**Work to complete:** In the listing below, start your output at the line with "The retroperitoneum can" and end it after the line with "Welcome to another", copying every line exactly.
________________________________________
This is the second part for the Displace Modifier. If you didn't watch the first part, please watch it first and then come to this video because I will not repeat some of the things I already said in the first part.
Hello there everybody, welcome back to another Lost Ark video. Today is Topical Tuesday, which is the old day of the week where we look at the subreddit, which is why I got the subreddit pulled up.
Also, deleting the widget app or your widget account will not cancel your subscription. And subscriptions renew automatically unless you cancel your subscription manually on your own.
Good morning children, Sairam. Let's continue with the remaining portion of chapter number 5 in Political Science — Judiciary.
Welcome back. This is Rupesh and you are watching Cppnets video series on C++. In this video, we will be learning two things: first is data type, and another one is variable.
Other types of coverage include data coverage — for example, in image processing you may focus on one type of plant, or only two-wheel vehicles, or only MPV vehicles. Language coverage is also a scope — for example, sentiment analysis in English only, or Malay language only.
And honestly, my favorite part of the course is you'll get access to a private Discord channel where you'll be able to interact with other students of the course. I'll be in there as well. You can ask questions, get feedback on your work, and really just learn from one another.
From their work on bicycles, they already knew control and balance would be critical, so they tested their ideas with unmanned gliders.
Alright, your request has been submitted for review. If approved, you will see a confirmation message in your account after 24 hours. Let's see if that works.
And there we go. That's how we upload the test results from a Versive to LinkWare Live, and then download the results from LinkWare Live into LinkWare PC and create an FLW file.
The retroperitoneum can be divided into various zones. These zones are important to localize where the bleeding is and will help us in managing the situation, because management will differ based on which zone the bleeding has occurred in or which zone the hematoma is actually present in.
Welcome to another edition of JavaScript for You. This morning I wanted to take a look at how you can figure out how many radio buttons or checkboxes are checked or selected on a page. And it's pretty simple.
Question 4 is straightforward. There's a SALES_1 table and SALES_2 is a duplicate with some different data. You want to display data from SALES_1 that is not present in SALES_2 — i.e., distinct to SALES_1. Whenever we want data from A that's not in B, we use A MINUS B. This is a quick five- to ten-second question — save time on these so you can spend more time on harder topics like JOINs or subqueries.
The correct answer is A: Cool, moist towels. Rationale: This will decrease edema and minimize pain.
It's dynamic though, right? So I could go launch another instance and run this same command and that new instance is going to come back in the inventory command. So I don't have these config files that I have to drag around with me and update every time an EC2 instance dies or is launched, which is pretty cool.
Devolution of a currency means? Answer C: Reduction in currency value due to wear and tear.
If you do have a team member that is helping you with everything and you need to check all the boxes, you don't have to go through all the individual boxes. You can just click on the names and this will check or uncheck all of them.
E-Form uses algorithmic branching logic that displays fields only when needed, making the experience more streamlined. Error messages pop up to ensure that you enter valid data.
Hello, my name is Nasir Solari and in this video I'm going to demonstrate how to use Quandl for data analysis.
________________________________________
**Answer to the problem:**
The retroperitoneum can be divided into various zones. These zones are important to localize where the bleeding is and will help us in managing the situation, because management will differ based on which zone the bleeding has occurred in or which zone the hematoma is actually present in.
Welcome to another edition of JavaScript for You. This morning I wanted to take a look at how you can figure out how many radio buttons or checkboxes are checked or selected on a page. And it's pretty simple.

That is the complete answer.